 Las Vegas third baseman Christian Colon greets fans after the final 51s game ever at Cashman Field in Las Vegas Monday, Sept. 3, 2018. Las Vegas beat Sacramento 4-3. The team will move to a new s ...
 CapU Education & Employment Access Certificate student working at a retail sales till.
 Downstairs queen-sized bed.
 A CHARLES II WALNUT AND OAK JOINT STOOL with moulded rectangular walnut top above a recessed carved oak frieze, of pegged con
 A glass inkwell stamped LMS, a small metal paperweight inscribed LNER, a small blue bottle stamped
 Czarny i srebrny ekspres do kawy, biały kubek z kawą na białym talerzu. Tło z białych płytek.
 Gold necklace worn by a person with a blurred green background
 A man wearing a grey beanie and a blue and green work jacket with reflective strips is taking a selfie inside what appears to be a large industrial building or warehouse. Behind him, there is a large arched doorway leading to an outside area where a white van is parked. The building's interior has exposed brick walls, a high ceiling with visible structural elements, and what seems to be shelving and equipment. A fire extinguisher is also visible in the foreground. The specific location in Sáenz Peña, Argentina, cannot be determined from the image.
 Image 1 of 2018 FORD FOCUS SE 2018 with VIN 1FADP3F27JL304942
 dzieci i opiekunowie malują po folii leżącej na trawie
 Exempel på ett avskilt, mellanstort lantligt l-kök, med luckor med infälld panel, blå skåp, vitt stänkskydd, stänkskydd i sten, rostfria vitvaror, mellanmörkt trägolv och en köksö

◇ ◇ ◇ ◇ ◇ ◇ ◇

▶ Your goal
Set down exactly the lines beginning at the one that holds "dzieci i opiekunowie" and ending with the last line of the data.

▶ Answer to the problem
 dzieci i opiekunowie malują po folii leżącej na trawie
 Exempel på ett avskilt, mellanstort lantligt l-kök, med luckor med infälld panel, blå skåp, vitt stänkskydd, stänkskydd i sten, rostfria vitvaror, mellanmörkt trägolv och en köksö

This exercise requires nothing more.